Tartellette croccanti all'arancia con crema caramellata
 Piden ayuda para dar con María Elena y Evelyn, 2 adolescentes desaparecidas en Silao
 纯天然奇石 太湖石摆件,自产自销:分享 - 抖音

==

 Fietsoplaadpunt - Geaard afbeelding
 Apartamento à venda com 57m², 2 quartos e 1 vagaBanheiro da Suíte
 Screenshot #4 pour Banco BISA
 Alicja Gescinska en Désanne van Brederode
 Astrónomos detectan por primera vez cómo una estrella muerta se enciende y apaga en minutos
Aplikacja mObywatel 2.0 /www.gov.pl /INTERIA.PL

---

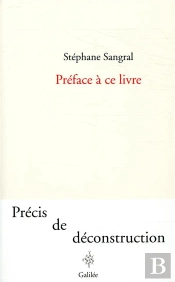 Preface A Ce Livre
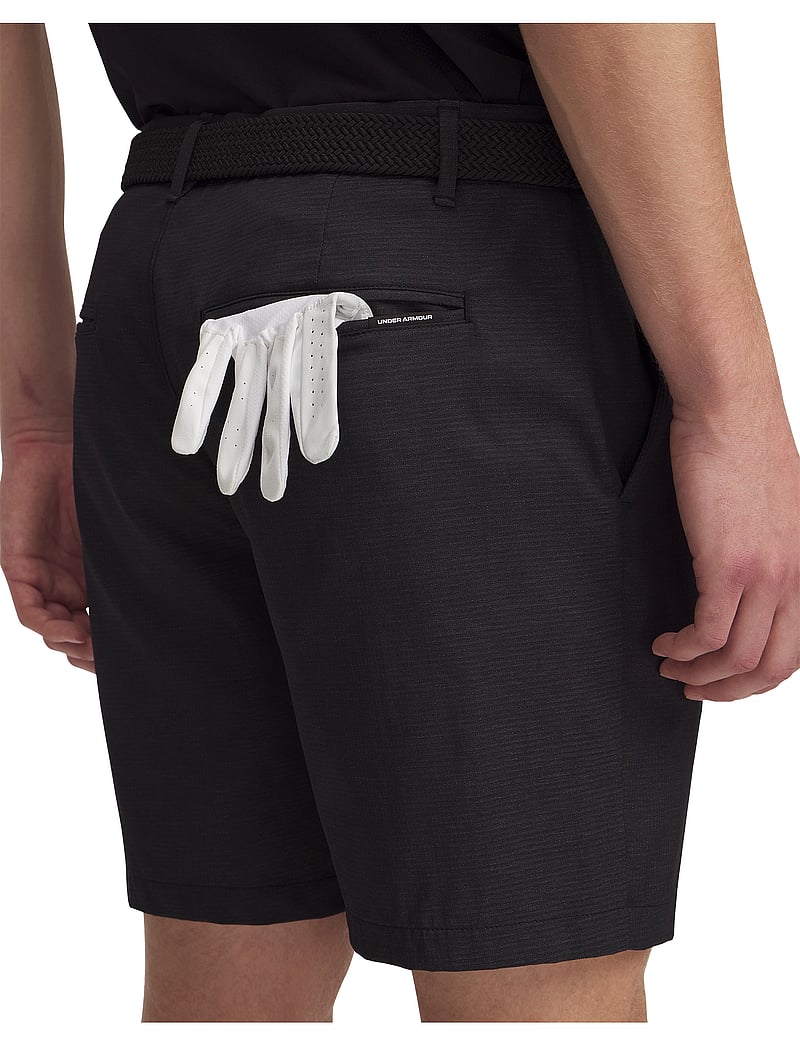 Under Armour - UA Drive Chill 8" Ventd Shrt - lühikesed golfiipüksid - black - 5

▶ [Try it]
Repeat exactly the lines of the listing above, from the one with "Tartellette croccanti all'arancia" down to the one with "纯天然奇石 太湖石摆件,自产自销:分享 - 抖音"; both of those lines belong in the range.

▶ [Result for this task]
Tartellette croccanti all'arancia con crema caramellata
 Piden ayuda para dar con María Elena y Evelyn, 2 adolescentes desaparecidas en Silao
 纯天然奇石 太湖石摆件,自产自销:分享 - 抖音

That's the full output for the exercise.